I did know my grandmother was a “mail order” bride and my mother had an “arranged marriage”. All this very traditional and acceptable in Japanese society, but I also knew that my Mom was in love with someone other than my father.

When Pearl Harbor happened and WWII was now an American concern, my mother was just a teenager gathered up along with the rest of her family and the rest of her Japanese community and shipped off to Poston, Arizona (concentration camp)… There she met others from all over the country. The young American-born Japanese still had hope, but their older generations were terrified, they thought they would be shot. Amongst all the shock and chaos of being uprooted from their homes, some sense of calm and purpose came to them. They would endure and organize themselves.

Mom had met a young man from the camp. She would never use the word “love” to describe it…that would not be “appropriate”. But when Mom came to marriageable age in camp, this boy from the camp was not suitable because he was not well educated. My dad was approved because he had been to university in Japan and was a professional writer before he returned to America. Though my mom had the right to refuse my grandparents choice she couldn’t go against tradition.

When I was rummaging through some old pictures, I found the picture of my mom that was given to my dad for his approval of marriage. She was dressed in my Grandmother’s beautiful silk kimono and obi that was her wedding dress. She looked sad and resigned to her fate.

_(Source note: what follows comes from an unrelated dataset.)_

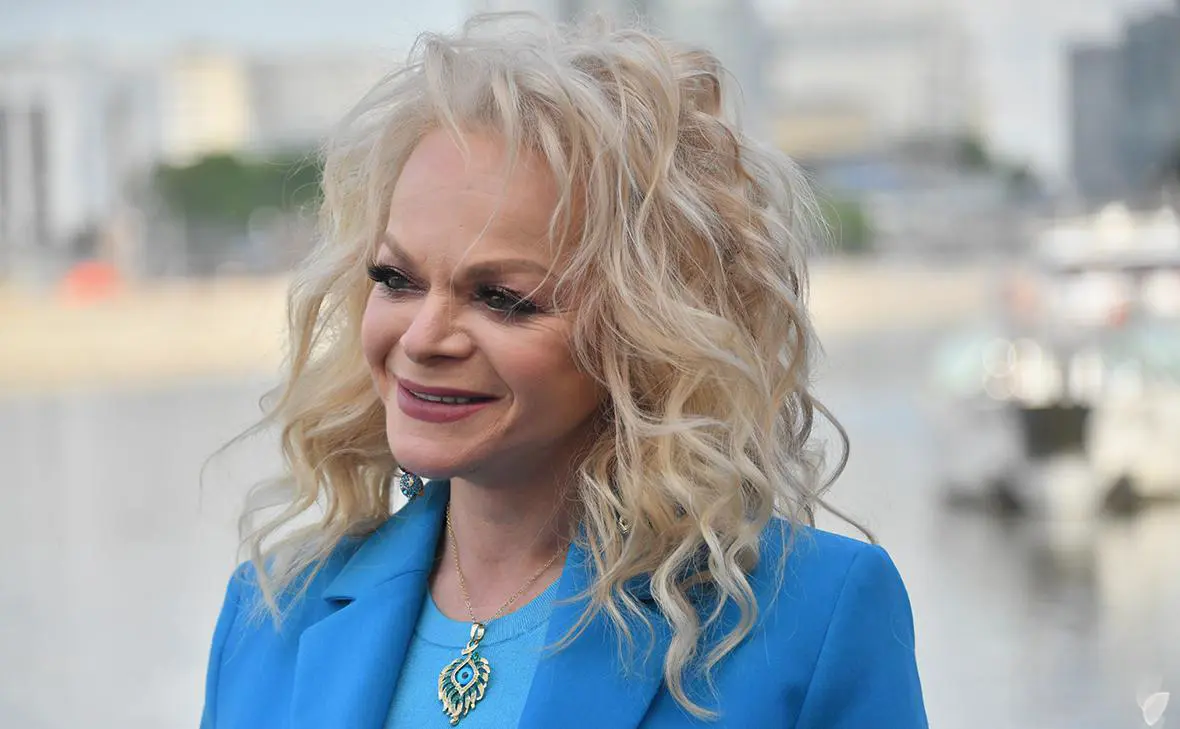 Лариса Долина (Комсомольская правда / Global Look Press)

I sometimes wonder if when she was taking that picture she thought that if she looked forlorn enough dad would not want to marry her.

Mom and the “ boy from camp” remained “friends” for the rest of their lives. When airfare was not cheap and not the usual mode of transportation, mom’s friend would visit (with his wife) every year from Chicago. Dad would be more gregarious, friendly and drink a lot more when they were here…when they left a huge cloud of silence…dad going back to reading in his chair and ignoring us (as usual)… mom would be quiet and reflective amongst us kids who would play and fight wondering what was going on… then BOOOOOMMMM! …My mom and dad would start fighting in Japanese…boy is that scary when you’re young.

When I was going to college, I remember my mom calling me from out of the blue (very unusual)…she wanted me to take some time off and go with her via bus or plane to Chicago (very,very unusual)…I was in the middle of finals so I couldn’t go. A week or so later she called me again…this time she wanted to leave Dad!!!!… and live with me!!! Now this was very unusual… to tell you the truth, the thought of her leaving dad was not the shocker (what took her so long)…but for her to live with me meant I would have to tell her that I was what she would call a “loose woman”…I told her that I had to go to class but that if she was serious I would have to talk to her and pick her up after classes. By the time I called back she had changed her mind and I had missed my opportunity to be closer to my mom.

A few months later, she had become very depressed to such an extent even my father noticed and started to treat her more gently…doing small little chores to help her out…dare I say, “thoughtful”. Later I found out that that “boy from camp” had gotten sick and died leaving a wife, 2 grown sons, and a very good “friend”…
Most of my adult life I had felt the pressure to marry within my race and with approval from my parents. That “loose woman” statis I mentioned before, was due to me dating men not of my race. Maybe with all I knew of the women in my family, I wanted to marry for love. John was not my “first love” but he was my last. When I had to think serious about the wedding details, the question of the wedding dress came up. I did for a moment think that I would ask Dad for mom’s wedding kimono, but then I thought I needed to symbolically break some very old traditional “chains”. The wedding kimono and obi that my grandmother’s family must have sacrificed so much to give her…the wedding dress that my grandmother gave to my mother in love…having to cloak her love in tradition…never able to speak the word…and the wedding dress my mom wasn’t able to see me wear because of this nightmare I still carried like baggage…

When I married John, I wore a red sheath I designed myself, with an antique kimono jacket that held no family traditions to bind me…we walked down the aisle together giving ourselves away to each other…I knew who I was marrying…and the nightmares ended.